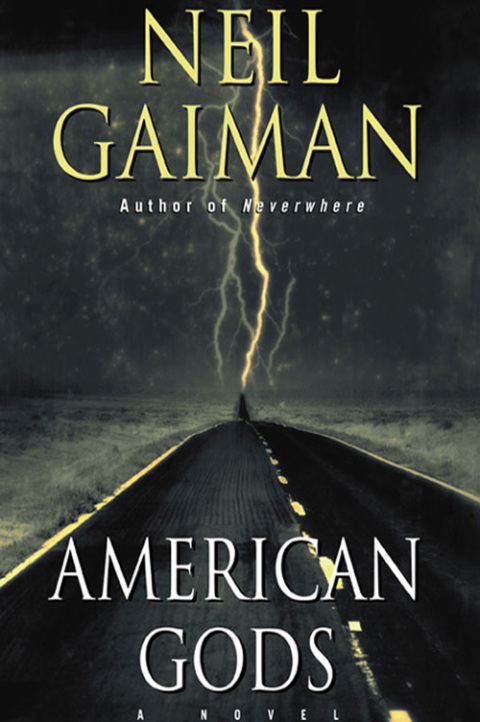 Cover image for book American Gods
* * *
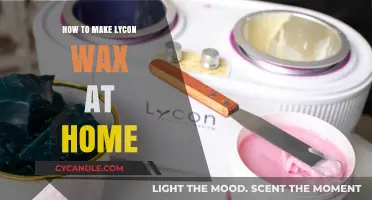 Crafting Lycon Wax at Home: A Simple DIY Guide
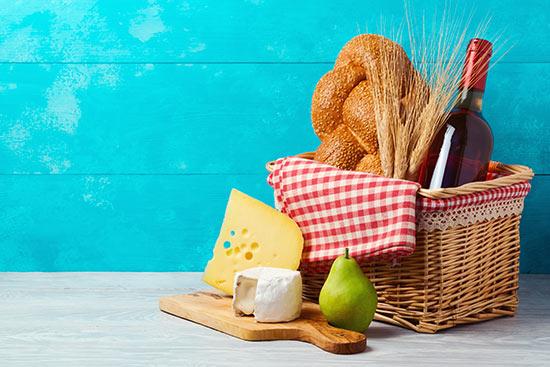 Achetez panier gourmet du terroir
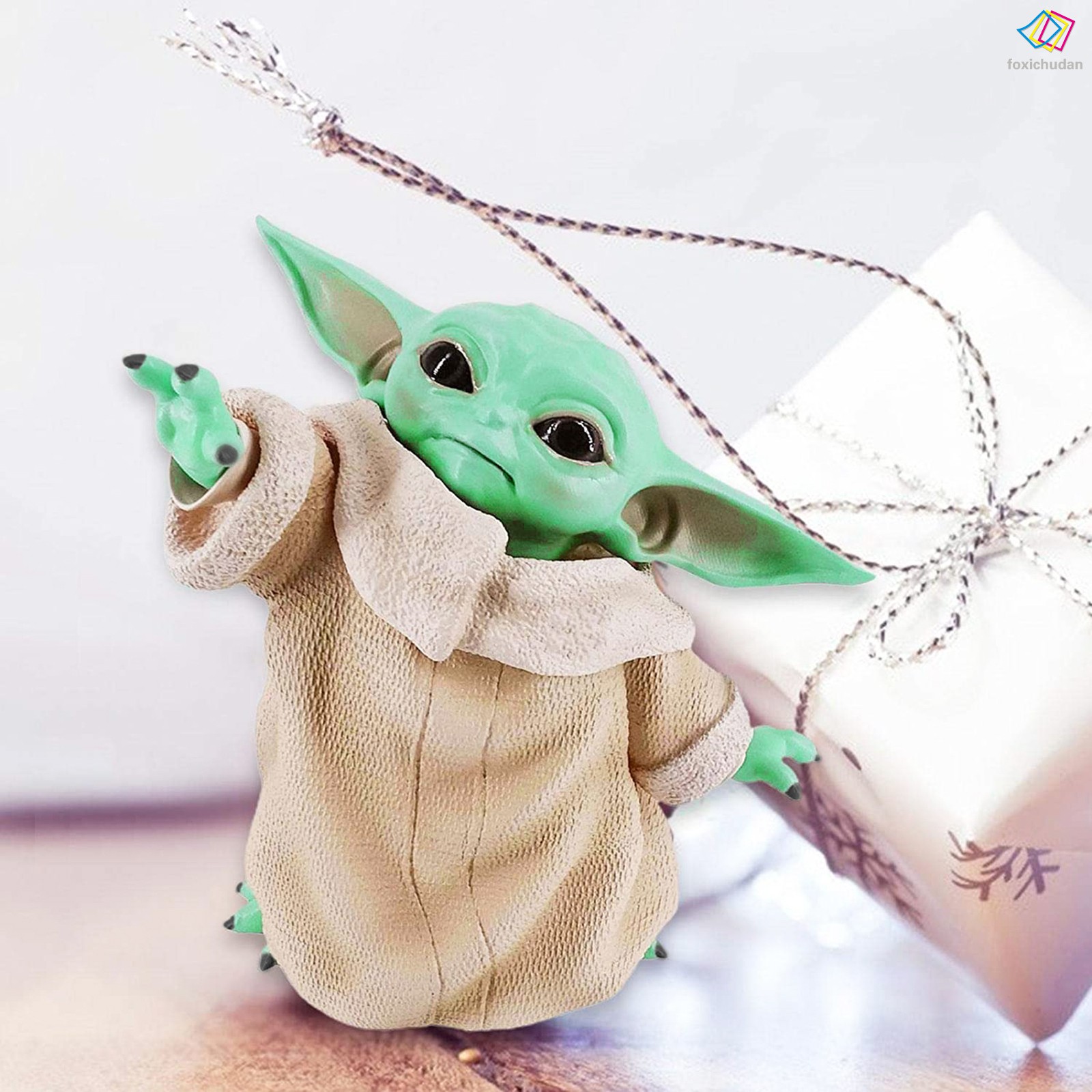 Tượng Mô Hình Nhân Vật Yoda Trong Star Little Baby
---
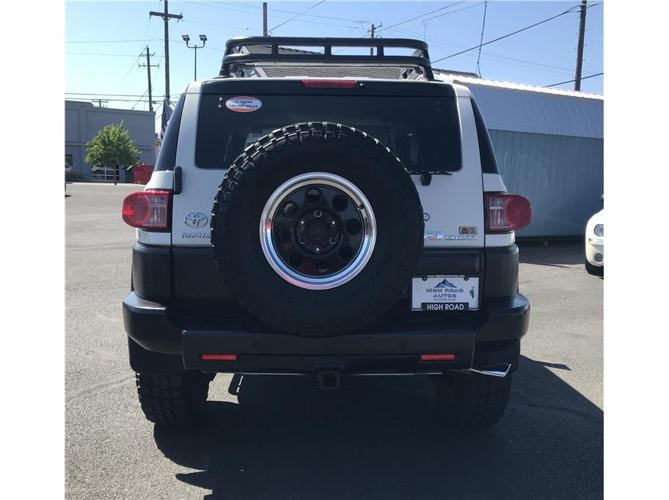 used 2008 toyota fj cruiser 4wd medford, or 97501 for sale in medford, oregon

* _Work instructions_
Excerpt from the records above: set down only the lines from the one that contains "Achetez panier gourmet du terroir" through the one that contains "Tượng Mô Hình", inclusive, word for word. Pictures stay out.

* _Result for this task_
 Achetez panier gourmet du terroir
 Tượng Mô Hình Nhân Vật Yoda Trong Star Little Baby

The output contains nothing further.